C’est surtout la démagogie de la majorité qui ne peut compter sur le soutien de la Nupes que sur les sujets dits « sociétaux » et qui trouve là un terrain « de gauche » à satisfaire. Mais ce n’est pas nouveau puisqu’Emmanuel Macron avait déjà proposé au parlement européen d’inscrire le « droit à l’avortement » dans la Charte européenne des droits fondamentaux, histoire de bien froisser la présidente maltaise du Parlement de Strasbourg et de provoquer encore les Polonais ainsi d’ailleurs que … les Allemands qui ont une législation et une jurisprudence constitutionnelle très protectrices de la dignité de l’enfant à naître.

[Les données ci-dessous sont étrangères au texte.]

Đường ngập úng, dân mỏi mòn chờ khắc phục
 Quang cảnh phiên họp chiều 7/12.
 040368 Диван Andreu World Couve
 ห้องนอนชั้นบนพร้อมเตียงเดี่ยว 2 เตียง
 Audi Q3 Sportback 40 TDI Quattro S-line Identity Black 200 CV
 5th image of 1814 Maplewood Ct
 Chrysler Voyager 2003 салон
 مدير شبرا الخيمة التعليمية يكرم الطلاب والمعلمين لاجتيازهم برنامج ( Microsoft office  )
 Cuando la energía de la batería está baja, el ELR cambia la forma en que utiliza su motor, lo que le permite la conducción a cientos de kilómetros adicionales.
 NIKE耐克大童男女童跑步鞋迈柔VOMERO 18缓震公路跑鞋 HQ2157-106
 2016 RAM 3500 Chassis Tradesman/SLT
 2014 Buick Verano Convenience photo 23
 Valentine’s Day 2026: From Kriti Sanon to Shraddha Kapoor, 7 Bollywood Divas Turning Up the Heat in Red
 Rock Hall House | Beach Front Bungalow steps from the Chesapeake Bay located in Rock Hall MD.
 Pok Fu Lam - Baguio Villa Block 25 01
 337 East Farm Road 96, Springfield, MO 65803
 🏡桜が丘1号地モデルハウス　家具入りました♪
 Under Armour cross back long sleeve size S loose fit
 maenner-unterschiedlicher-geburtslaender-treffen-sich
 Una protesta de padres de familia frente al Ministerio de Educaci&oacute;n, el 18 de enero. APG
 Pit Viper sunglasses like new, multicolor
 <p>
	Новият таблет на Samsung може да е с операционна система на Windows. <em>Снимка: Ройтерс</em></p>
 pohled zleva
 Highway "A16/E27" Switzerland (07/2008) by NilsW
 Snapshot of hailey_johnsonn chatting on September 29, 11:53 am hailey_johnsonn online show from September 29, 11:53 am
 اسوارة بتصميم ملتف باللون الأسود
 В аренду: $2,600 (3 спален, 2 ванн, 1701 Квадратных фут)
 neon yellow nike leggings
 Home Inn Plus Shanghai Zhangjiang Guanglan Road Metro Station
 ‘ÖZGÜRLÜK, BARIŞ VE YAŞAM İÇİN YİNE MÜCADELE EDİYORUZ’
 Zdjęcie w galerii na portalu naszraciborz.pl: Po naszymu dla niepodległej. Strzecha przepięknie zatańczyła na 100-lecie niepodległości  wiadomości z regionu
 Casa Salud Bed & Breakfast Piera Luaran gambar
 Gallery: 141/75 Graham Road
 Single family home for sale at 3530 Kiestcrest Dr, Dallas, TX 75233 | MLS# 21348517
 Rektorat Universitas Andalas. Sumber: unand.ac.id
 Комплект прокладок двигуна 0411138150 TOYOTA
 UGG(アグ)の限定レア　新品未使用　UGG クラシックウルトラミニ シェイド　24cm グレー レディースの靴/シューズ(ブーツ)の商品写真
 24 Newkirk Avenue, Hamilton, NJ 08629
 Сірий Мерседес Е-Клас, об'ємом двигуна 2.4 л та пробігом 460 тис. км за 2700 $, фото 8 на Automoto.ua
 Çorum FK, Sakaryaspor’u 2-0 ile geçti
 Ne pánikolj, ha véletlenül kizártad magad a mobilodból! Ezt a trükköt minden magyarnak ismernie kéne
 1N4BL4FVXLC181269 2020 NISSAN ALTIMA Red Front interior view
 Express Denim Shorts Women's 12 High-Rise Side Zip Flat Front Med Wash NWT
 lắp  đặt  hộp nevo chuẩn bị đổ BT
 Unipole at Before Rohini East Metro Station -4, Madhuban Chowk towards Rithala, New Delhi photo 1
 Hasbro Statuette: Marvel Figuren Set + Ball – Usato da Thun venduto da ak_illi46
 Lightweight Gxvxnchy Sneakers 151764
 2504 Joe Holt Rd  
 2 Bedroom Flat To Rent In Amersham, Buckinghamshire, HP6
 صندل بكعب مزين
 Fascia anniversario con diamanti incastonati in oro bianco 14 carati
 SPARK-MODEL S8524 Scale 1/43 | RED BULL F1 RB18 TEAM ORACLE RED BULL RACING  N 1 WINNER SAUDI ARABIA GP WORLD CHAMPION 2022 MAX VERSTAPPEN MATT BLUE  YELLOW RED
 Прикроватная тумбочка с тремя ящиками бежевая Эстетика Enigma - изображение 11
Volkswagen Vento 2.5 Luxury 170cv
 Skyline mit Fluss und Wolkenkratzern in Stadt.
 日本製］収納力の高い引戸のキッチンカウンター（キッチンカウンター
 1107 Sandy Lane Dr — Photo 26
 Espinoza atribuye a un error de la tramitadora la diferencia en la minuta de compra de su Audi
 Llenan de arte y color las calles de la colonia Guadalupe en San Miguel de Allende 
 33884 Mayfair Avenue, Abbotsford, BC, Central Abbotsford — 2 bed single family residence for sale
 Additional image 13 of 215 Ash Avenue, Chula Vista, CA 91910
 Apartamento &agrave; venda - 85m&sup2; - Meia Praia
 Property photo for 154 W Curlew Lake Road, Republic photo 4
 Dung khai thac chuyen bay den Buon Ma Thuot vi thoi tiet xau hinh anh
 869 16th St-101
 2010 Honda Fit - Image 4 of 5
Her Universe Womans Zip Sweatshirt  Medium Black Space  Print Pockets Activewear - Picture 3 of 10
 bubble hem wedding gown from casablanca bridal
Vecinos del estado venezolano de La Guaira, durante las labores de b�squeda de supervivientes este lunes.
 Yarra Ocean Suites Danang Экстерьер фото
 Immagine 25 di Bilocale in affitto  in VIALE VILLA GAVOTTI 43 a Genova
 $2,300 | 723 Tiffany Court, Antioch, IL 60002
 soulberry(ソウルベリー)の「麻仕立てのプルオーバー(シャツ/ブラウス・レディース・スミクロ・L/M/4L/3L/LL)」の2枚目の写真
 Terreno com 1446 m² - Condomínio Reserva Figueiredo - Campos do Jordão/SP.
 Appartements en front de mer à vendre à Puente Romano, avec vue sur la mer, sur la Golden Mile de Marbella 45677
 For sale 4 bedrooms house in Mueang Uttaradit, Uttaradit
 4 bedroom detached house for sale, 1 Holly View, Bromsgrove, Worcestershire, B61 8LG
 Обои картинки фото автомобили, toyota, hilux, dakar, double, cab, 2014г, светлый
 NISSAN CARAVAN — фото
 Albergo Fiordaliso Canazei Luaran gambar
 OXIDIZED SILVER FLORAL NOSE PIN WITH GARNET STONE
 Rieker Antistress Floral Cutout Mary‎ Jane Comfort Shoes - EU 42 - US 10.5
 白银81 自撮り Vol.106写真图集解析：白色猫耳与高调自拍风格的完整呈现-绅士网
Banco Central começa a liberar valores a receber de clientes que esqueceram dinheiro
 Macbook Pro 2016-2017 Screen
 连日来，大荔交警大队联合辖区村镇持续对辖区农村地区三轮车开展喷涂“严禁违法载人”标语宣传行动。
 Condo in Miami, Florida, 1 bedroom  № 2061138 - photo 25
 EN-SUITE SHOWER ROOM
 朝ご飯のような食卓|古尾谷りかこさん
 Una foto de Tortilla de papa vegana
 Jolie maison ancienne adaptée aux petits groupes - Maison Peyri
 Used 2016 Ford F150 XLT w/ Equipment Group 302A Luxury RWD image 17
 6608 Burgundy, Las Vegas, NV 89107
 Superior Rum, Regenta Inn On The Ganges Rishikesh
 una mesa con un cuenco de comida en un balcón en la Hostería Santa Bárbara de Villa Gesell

La loi et la Constitution sont-elles de plus en plus utilisées à des fins de communication ou de symbolique plutôt que de pertinence juridique ?

Elles ne servent malheureusement plus qu’à la démagogie.. La loi se fait désormais sur les réseaux sociaux, au café du commerce et au bac à shampoing, c’est un véritable désastre pour le droit français dont la qualité et la cohérence s’effondrent. C’est peu dire que le niveau du législateur est en baisse. On a souvent honte en lisant nos lois. La rédaction de la proposition de loi constitutionnelle sur l’IVG est encore particulièrement bâclée. Le niveau de culture générale de nos parlementaires est indigent et confine parfois à l’illettrisme.